Pence, derzeit Gouverneur von Indiana, soll am Parteitag von Cleveland nominiert werden – und Trump die Stimmen der frommen Amerikaner bringen.
Werden die beiden gewählt, ist Trump mächtigster Mann der Welt. Und Pence? Er stünde dem Senat vor, eine mehrheitlich zeremonielle Aufgabe. Es sei denn, es gibt ein Patt. Dann fällt der Vizepräsident den Stichentscheid.
Zweierlei erledige ein Vizepräsident, sagte Senator John McCain (79) einst. «Jeden Tag informiert er sich über die Gesundheit des Präsidenten, und er nimmt in der dritten Welt an der Beerdigung von Diktatoren teil.»
Verliert der Präsident das Bewusstsein, erhält der Vizepräsident zwischenzeitlich alle Macht. Geschehen ist das in der US-Geschichte erst dreimal: im Juli 1985, als Ronald Reagan (1911–2004) sich am Darm operieren liess, amtete Vize George H. W. Bush (92) während sieben Stunden, 54 Minuten als Präsident.

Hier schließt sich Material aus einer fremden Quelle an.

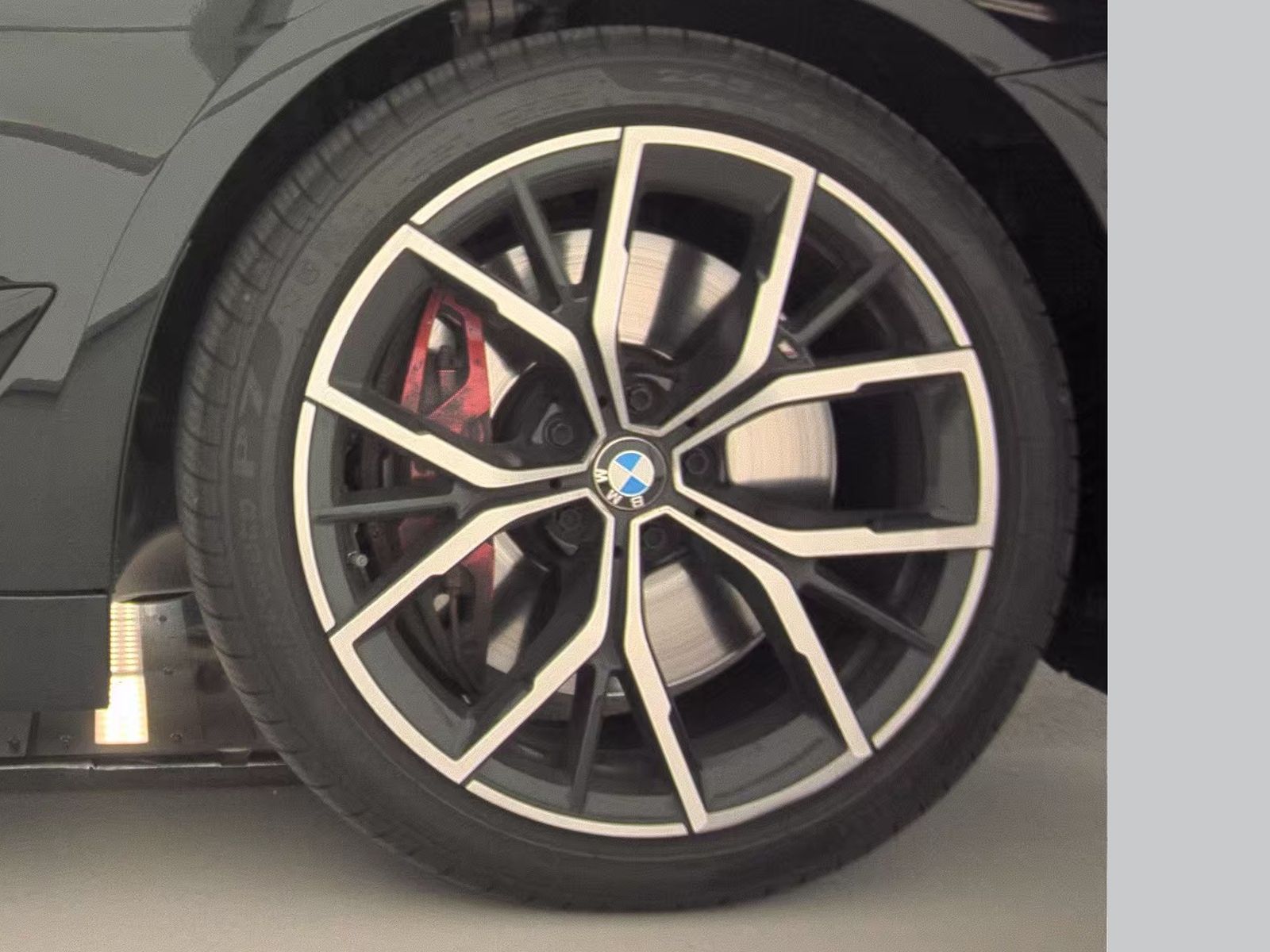 2023 BMW 5 Series M550i xDrive AWD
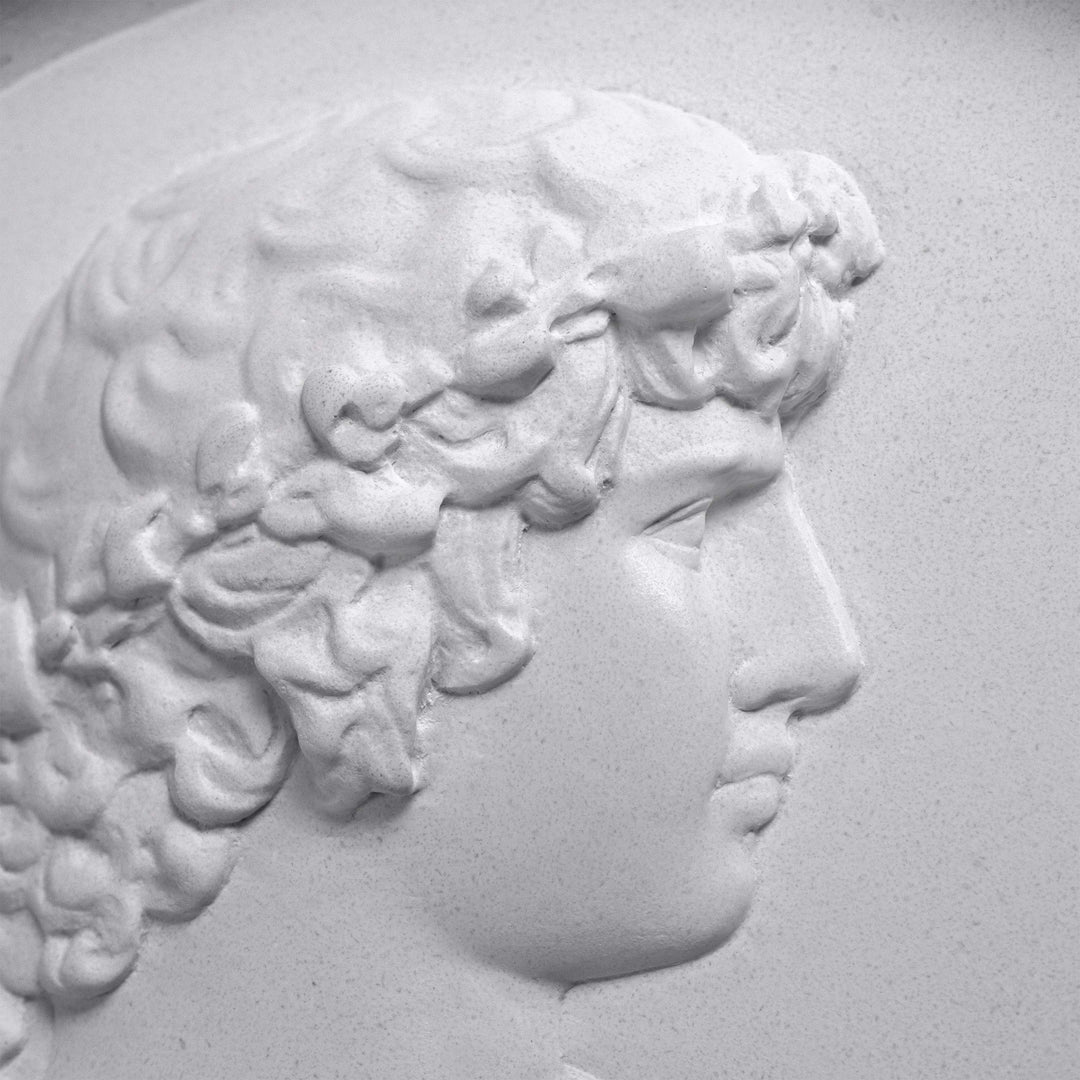 Antinous Silvanus dombormű – Hadrianus villájának faliszobra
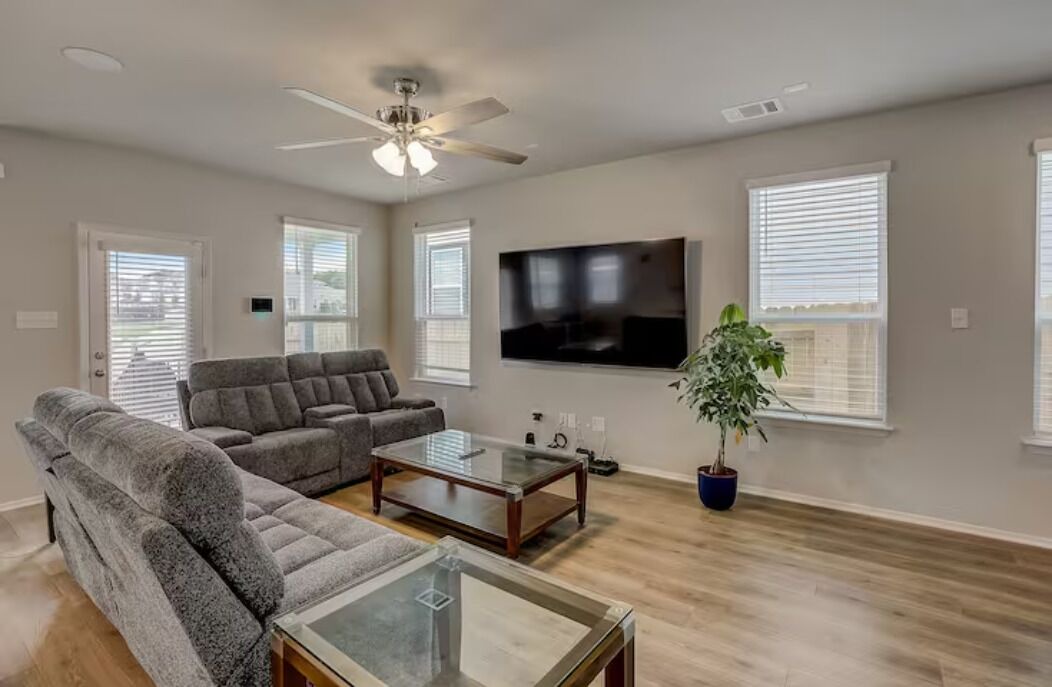Photo of Livingroom in Travis County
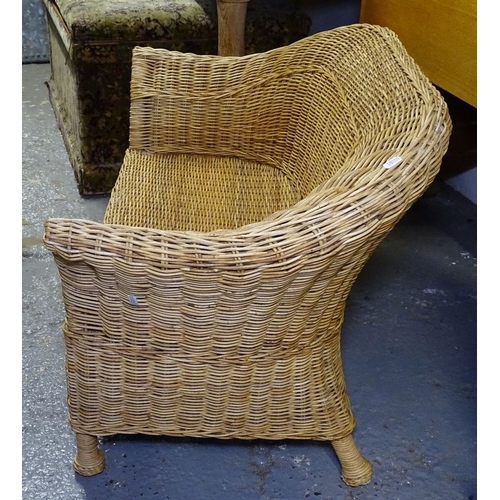 1805 - A small child's wicker 2-seater settee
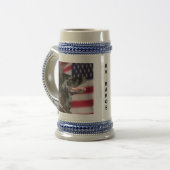 Grenzpatrol K9 Baros mit amerikanischer Flagge Bierglas (Vorderseite Links)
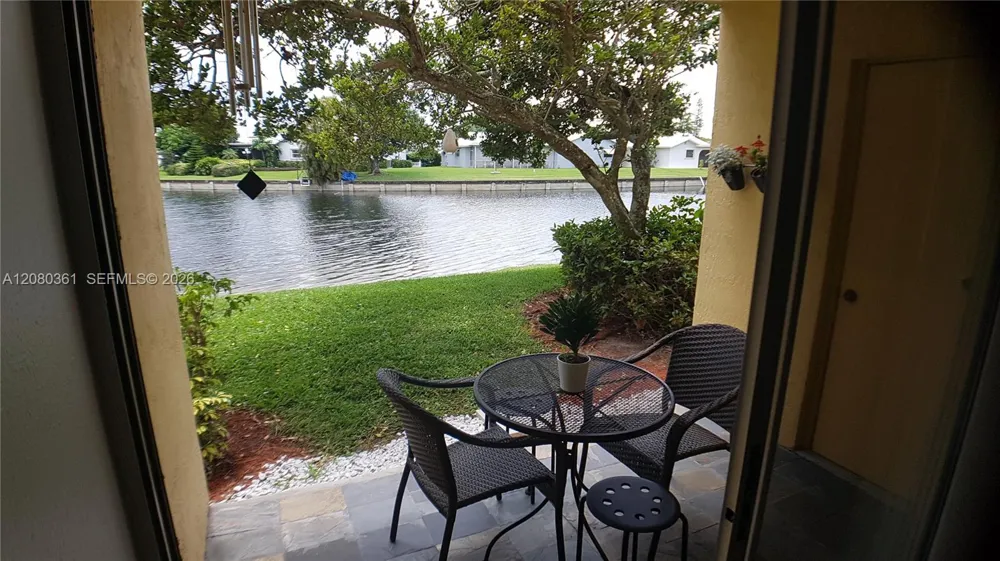 7640 Westwood Dr #403 Tamarac, FL 33321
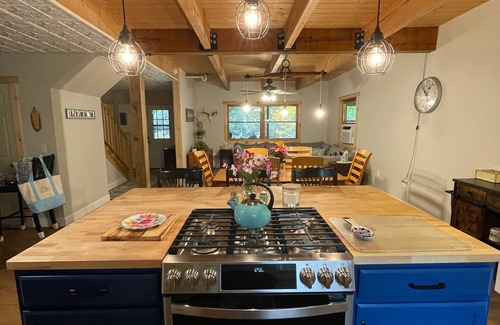 Putnam Station House | Family friendly large mountain home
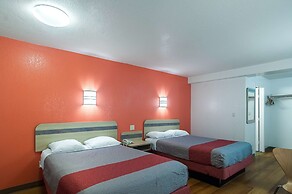 Motel 6 Oklahoma City, OK - South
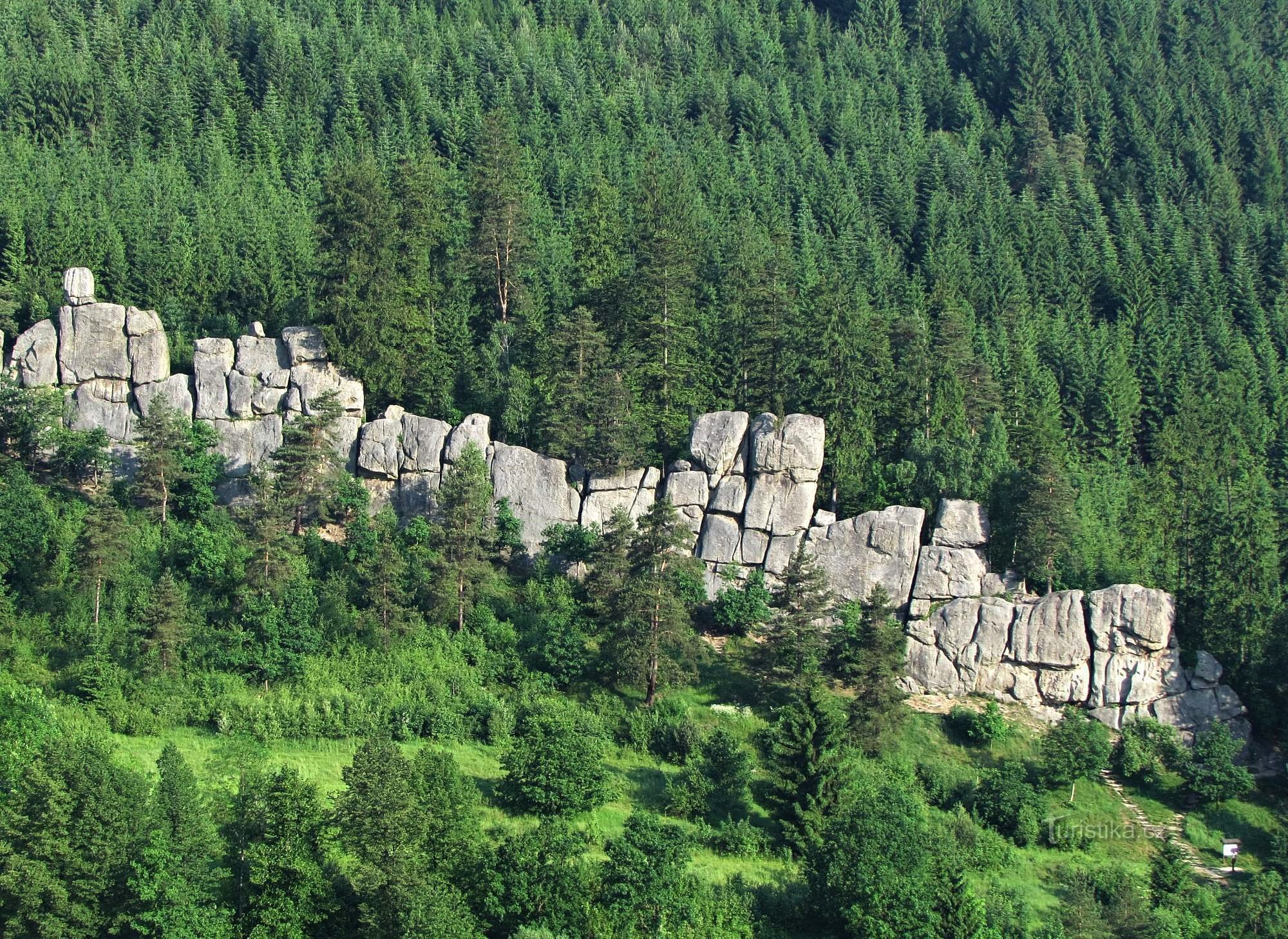 Uitzicht vanaf de Devil's Rocks in de buurt van Lidečko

Dessen Sohn George. W. Bush (70) übergab zweimal an Vizepräsident Dick Cheney (75): Im Juni 2002 und im Juli 2007 wegen je einer Darmspiegelung.
Acht Präsidenten starben im Amt, ihre Vize ersetzte sie. Der letzte war John F. Kennedy, der am 22. November 1963 in Dallas erschossen wurde. Am selben Tag übernahm sein Vize Lyndon B. Johnson (1908–1973).
Im Wahlkampf soll der Kandidat fürs Vize-Amt aus einer gewissen Region Stimmen bringen. Oder wie Sarah Palin (52) im Jahr 2008 die frommen Wähler für John McCain gewinnen. Der weisse alte Mann Joe Biden (73) sollte die Unerfahrenheit des jungen Schwarzen Barack Obama ausgleichen. Bill Clinton (69) wählte 1992 Al Gore (68), damit er ihn dereinst beerben würde.
Erster Vizepräsident der USA war John Adams (1735–1826), unter George Washington (1732 –1799). «Als das bin ich nichts, aber ich könnte alles werden.